* Activity *
Take the lines from the one with "Pom Schedule of" through the last line of the material below and write them out exactly, without any pictures.

* Collected data *

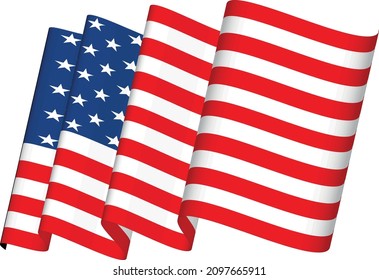 Waving USA Flag Vector Illustration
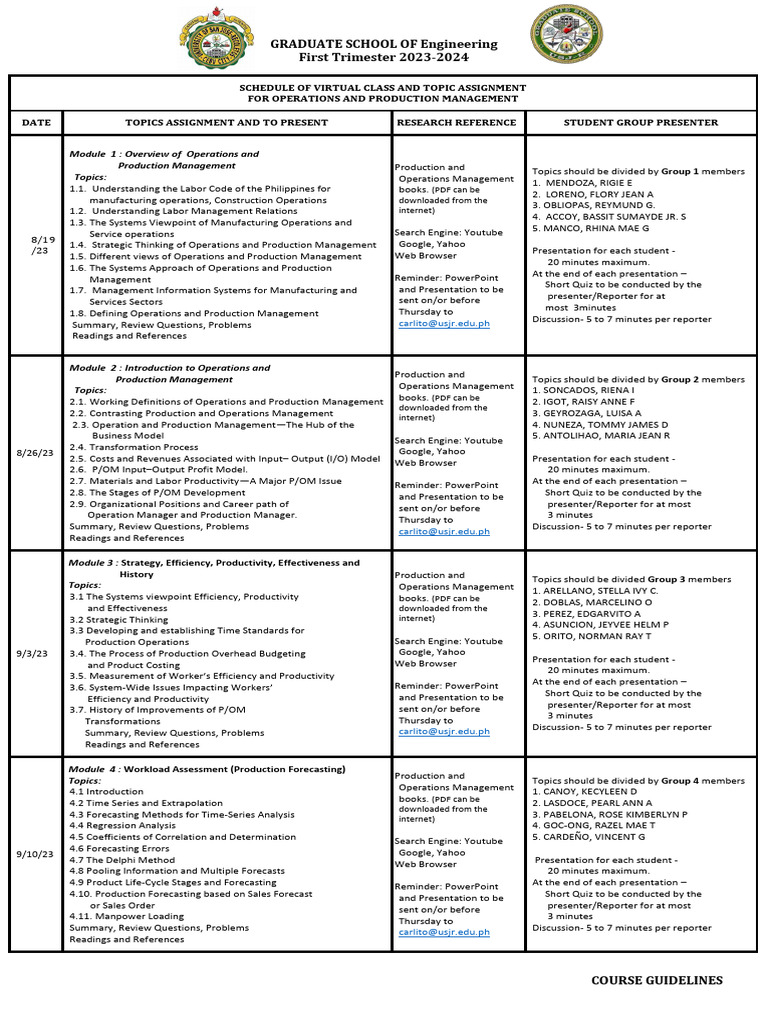 Pom Schedule of Virtual Class and Topic Assignment | PDF | Operations ...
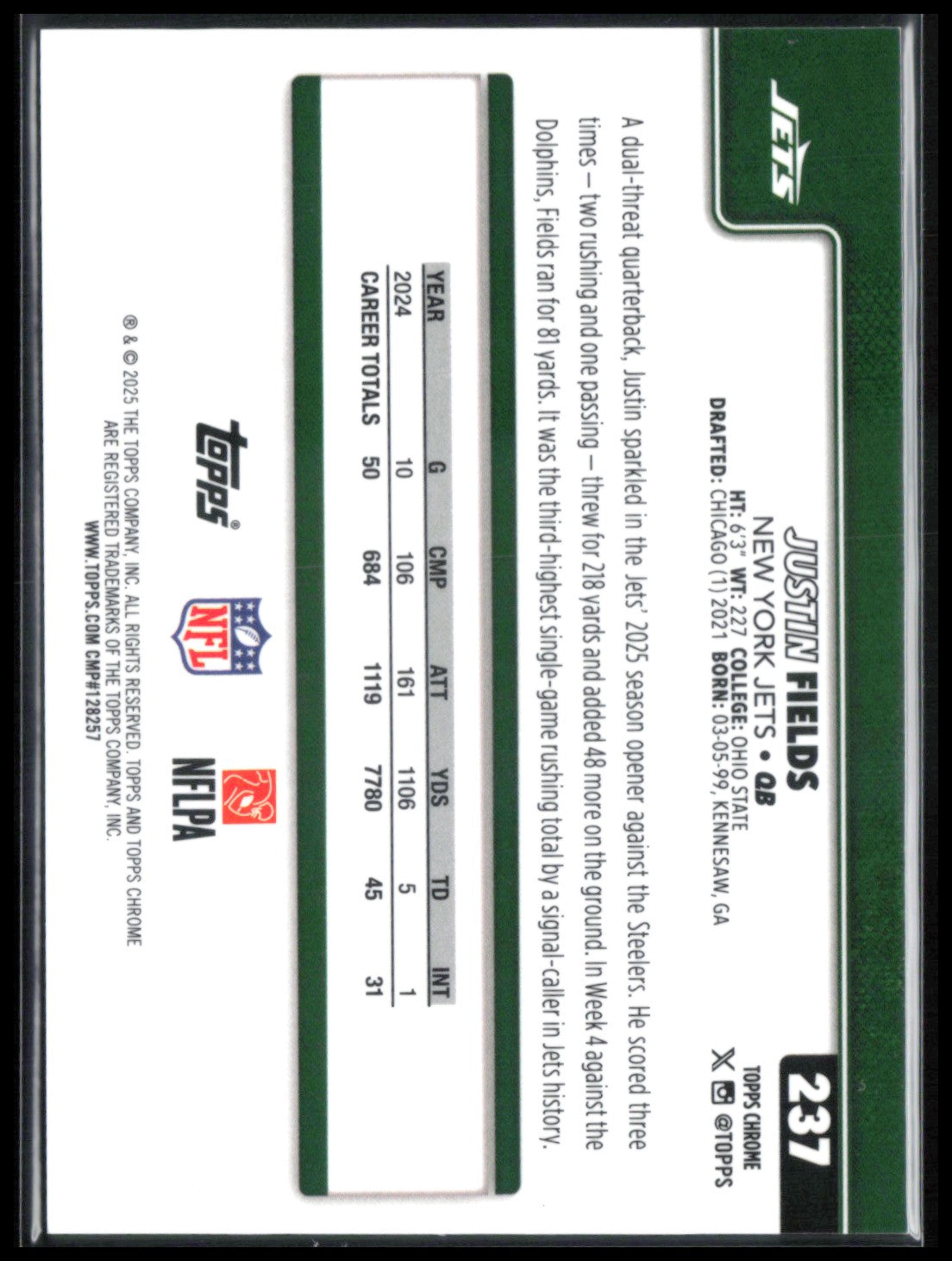 Justin Fields Yellow Wave /275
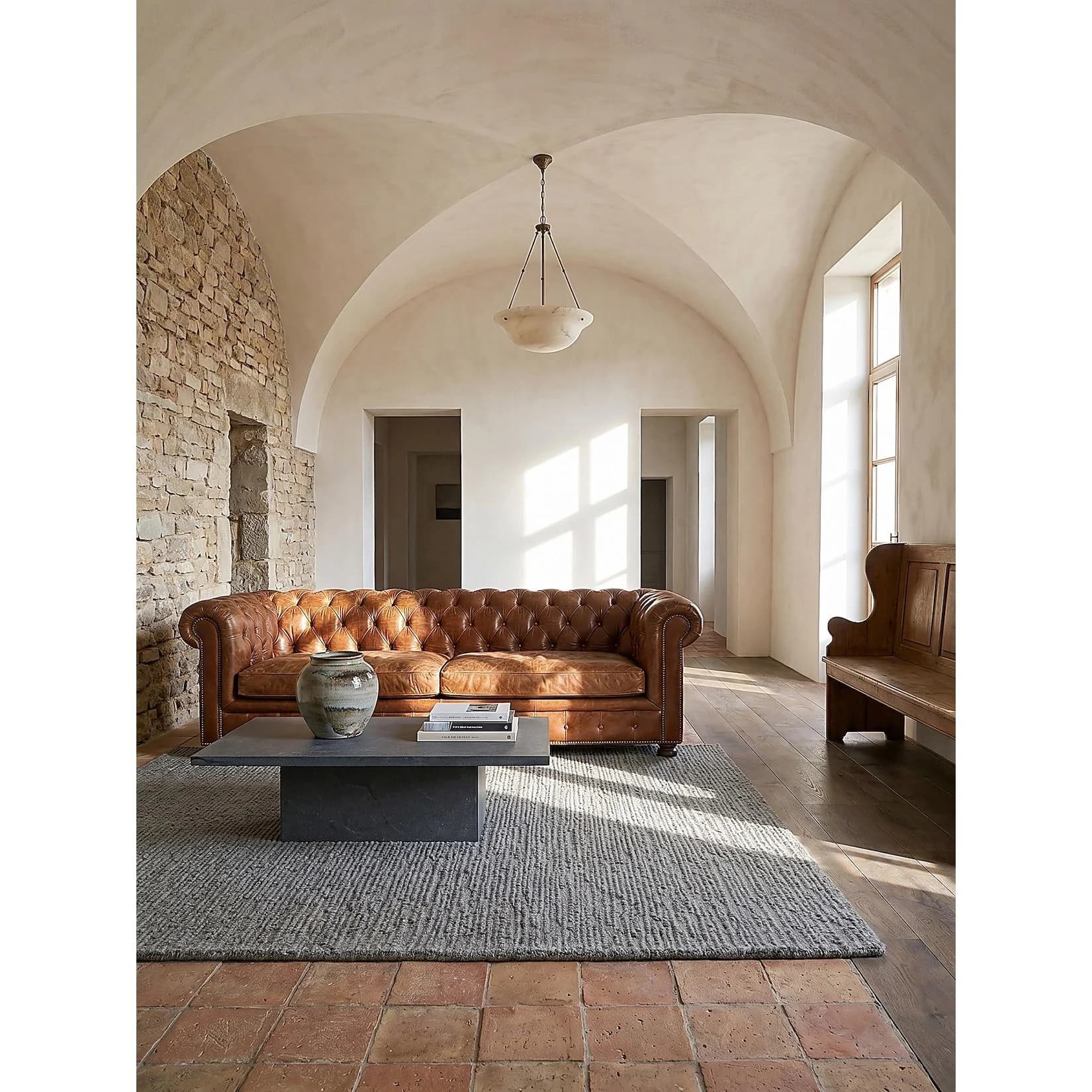 Kadima Design Designerteppich ALNE Bouclé Uni Grau Wolle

* Written solution *
 Pom Schedule of Virtual Class and Topic Assignment | PDF | Operations ...
 Justin Fields Yellow Wave /275
 Kadima Design Designerteppich ALNE Bouclé Uni Grau Wolle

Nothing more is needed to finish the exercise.